Have you ever had a fear problem? By this I mean have you ever spent, read “wasted,” time being afraid of something that turned out not to be a problem after all? And, if so, did you ever get over being afraid of this non-problem?
I have to ask, because I’m noticing that in this USA political election season, we are being inundated with messages in social media, TV ads, and on cable news channels telling us to be afraid. And when it’s not about opposing candidates in our elections, it’s about issues in our legislatures. Fear! Fear! Fear!

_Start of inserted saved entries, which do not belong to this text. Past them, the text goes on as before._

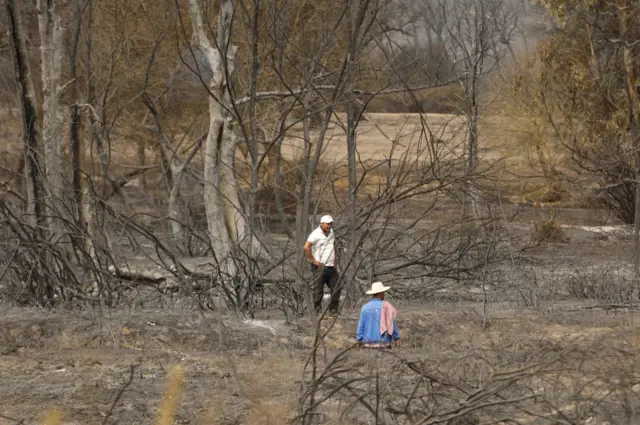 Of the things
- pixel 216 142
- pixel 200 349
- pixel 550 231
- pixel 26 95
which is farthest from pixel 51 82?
pixel 550 231

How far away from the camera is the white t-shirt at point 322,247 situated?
13766 mm

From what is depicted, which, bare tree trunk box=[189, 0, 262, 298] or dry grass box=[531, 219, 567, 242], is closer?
bare tree trunk box=[189, 0, 262, 298]

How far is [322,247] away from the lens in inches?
545

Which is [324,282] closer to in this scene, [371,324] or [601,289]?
[371,324]

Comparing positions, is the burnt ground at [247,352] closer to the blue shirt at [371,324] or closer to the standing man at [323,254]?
the blue shirt at [371,324]

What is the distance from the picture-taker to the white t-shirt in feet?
45.2

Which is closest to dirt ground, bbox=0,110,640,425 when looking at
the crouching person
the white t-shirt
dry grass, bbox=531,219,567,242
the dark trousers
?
the crouching person

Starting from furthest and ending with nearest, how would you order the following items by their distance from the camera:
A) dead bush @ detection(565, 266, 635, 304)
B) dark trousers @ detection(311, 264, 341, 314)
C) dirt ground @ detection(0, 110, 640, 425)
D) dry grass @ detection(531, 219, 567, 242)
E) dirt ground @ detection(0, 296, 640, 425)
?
dry grass @ detection(531, 219, 567, 242), dead bush @ detection(565, 266, 635, 304), dark trousers @ detection(311, 264, 341, 314), dirt ground @ detection(0, 296, 640, 425), dirt ground @ detection(0, 110, 640, 425)

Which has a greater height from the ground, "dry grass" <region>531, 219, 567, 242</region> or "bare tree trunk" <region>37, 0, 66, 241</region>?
"bare tree trunk" <region>37, 0, 66, 241</region>

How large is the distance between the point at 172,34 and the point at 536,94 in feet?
35.2

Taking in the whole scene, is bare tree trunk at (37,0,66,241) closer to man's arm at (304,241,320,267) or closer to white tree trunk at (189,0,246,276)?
white tree trunk at (189,0,246,276)

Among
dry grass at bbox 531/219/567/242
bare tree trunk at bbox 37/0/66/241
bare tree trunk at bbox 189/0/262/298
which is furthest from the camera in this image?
dry grass at bbox 531/219/567/242

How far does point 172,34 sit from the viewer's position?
28.2 m

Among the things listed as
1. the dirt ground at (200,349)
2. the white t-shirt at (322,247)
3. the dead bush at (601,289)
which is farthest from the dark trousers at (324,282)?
the dead bush at (601,289) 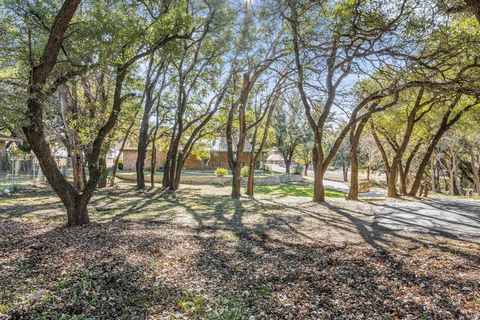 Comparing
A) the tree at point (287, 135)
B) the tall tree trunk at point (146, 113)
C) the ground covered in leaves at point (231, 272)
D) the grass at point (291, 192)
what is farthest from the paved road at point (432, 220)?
the tree at point (287, 135)

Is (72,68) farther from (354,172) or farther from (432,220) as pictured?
(354,172)

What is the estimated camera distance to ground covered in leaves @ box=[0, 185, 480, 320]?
2.96 m

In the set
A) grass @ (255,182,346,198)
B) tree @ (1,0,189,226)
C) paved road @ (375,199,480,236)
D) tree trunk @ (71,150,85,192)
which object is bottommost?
grass @ (255,182,346,198)

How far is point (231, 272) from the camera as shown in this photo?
154 inches

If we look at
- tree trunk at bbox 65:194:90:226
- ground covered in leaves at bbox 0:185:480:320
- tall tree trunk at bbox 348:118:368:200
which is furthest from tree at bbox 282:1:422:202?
tree trunk at bbox 65:194:90:226

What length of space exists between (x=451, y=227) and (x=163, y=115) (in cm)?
1308

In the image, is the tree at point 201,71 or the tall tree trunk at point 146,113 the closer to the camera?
the tree at point 201,71

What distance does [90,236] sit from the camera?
5441 millimetres

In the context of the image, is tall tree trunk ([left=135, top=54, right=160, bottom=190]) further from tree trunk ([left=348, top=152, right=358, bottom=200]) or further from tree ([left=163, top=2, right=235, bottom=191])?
tree trunk ([left=348, top=152, right=358, bottom=200])

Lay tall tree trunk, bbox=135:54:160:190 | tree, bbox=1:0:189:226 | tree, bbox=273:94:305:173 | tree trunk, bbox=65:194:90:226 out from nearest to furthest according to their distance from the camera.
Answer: tree, bbox=1:0:189:226, tree trunk, bbox=65:194:90:226, tall tree trunk, bbox=135:54:160:190, tree, bbox=273:94:305:173

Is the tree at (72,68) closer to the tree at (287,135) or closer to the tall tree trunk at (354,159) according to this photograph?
the tall tree trunk at (354,159)

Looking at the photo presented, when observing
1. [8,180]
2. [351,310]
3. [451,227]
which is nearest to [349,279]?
[351,310]

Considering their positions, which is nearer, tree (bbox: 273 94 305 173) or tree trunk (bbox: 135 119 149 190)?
tree trunk (bbox: 135 119 149 190)

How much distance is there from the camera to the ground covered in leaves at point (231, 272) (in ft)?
9.70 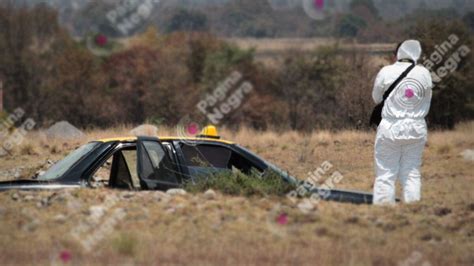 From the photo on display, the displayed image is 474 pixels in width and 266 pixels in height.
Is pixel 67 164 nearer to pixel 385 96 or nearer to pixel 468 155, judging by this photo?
pixel 385 96

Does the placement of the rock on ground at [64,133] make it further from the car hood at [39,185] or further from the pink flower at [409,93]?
the pink flower at [409,93]

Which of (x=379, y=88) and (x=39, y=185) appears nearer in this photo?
(x=39, y=185)

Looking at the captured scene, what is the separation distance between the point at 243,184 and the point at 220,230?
185 cm

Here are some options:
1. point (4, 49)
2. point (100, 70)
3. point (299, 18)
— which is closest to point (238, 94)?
point (100, 70)

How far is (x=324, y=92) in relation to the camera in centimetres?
5831

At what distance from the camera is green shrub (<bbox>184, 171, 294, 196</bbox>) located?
34.4 ft

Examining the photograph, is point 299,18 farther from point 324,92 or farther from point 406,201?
point 406,201

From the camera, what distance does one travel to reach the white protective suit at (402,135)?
11023mm

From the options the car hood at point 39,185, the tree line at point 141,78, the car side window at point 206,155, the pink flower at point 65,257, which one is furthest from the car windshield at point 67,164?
the tree line at point 141,78

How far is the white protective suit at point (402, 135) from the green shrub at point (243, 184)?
1.26m

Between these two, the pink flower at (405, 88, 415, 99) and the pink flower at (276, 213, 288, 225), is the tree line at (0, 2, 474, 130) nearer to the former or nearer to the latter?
the pink flower at (405, 88, 415, 99)

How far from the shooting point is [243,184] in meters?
10.6

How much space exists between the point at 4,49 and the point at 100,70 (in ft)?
25.8

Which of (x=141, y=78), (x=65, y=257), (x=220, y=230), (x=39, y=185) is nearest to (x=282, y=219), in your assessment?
(x=220, y=230) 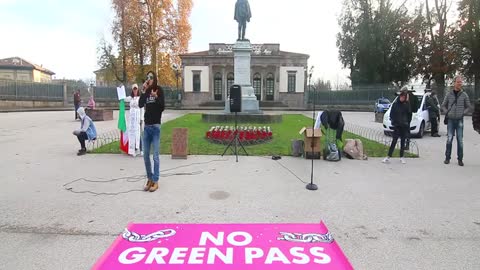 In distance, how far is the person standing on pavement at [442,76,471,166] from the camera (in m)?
8.17

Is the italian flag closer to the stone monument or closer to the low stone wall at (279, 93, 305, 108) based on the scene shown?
the stone monument

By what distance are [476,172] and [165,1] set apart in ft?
131

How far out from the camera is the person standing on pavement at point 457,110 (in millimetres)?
8172

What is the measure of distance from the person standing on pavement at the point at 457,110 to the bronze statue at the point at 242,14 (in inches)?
645

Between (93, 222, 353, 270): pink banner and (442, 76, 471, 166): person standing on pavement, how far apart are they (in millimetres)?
6078

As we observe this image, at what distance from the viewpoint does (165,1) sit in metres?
40.3

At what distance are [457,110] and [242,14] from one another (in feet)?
55.4

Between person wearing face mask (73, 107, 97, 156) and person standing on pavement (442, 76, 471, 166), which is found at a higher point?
person standing on pavement (442, 76, 471, 166)

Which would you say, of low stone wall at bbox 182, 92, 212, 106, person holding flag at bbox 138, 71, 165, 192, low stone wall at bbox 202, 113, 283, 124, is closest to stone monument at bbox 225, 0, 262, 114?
low stone wall at bbox 202, 113, 283, 124

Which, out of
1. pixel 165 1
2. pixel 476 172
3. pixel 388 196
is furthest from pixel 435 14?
pixel 388 196

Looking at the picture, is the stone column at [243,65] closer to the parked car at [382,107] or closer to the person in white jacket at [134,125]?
the parked car at [382,107]

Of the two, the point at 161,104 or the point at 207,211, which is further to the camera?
the point at 161,104

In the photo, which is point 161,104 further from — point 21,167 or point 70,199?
point 21,167

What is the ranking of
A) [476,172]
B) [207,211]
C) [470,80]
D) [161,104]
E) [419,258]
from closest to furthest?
[419,258]
[207,211]
[161,104]
[476,172]
[470,80] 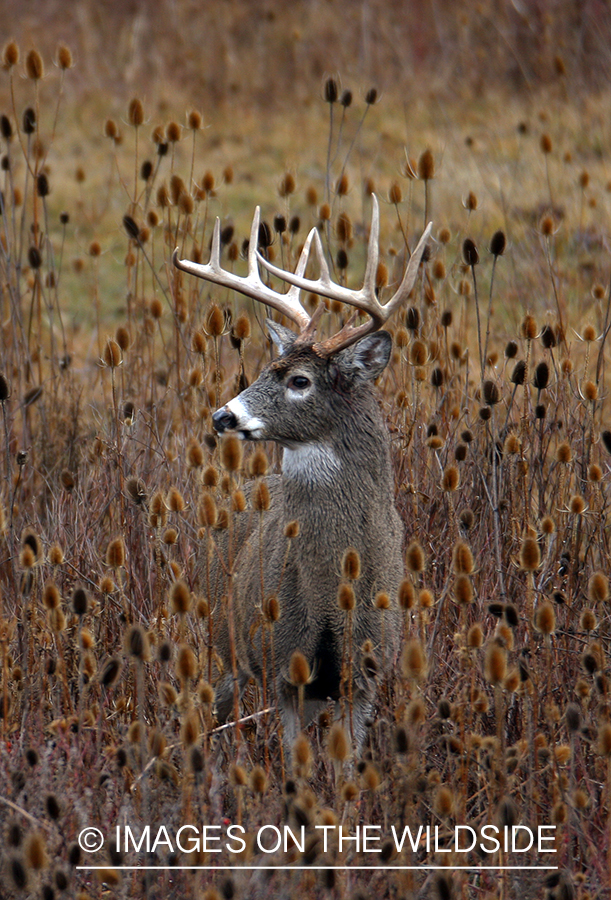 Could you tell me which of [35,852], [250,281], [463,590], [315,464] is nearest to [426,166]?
[250,281]

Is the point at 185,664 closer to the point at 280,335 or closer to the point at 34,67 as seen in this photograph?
the point at 280,335

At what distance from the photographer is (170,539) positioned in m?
3.27

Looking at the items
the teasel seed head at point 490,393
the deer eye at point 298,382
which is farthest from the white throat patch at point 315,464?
the teasel seed head at point 490,393

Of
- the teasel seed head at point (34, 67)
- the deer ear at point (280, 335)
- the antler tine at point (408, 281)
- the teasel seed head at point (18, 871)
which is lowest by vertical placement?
the teasel seed head at point (18, 871)

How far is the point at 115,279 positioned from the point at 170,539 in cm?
728

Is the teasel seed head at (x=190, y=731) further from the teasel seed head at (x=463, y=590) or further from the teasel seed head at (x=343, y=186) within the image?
the teasel seed head at (x=343, y=186)

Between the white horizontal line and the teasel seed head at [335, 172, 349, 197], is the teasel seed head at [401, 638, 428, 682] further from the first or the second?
the teasel seed head at [335, 172, 349, 197]

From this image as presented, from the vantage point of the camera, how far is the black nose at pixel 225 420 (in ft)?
10.9

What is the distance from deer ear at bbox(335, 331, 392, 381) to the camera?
11.7 feet

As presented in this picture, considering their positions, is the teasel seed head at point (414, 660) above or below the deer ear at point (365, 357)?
below

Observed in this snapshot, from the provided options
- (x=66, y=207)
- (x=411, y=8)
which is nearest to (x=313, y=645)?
(x=66, y=207)

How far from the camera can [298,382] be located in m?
3.52

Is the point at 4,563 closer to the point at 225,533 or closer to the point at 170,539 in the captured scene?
the point at 225,533

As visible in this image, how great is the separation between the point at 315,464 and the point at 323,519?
0.17m
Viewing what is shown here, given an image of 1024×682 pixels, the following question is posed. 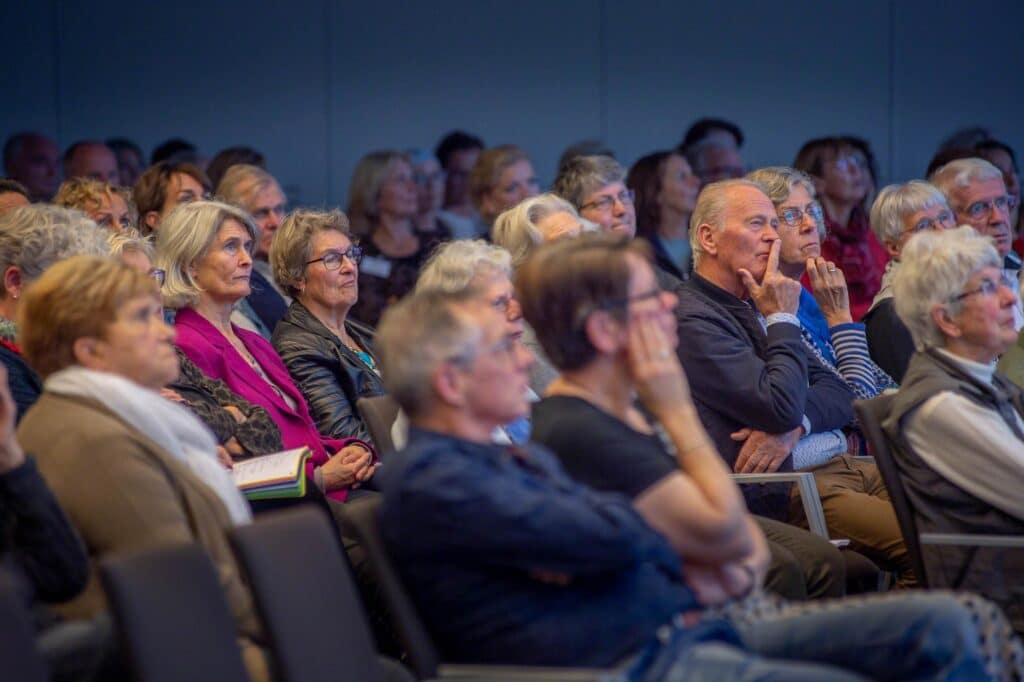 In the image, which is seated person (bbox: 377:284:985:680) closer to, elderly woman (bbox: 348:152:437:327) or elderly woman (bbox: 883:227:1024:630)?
elderly woman (bbox: 883:227:1024:630)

Of recent note in public media here in the States has been North Carolina’s HB 2 banning transgendered persons from using public restrooms in that State except those of their original birth gender. Besides the LOL of considering who will have the authority to go knocking on stall doors to record evidence yea or nay for each user, there has been an all-too-serious response by the good people of North Carolina fearing for their own safety and that of their children should transgendered people enter the “wrong” bathroom. The typical respondent at least in social media seems to be women worried about the safety of their daughters and granddaughters, though no doubt many men have been similarly alarmed. Fear! Fear! Fear!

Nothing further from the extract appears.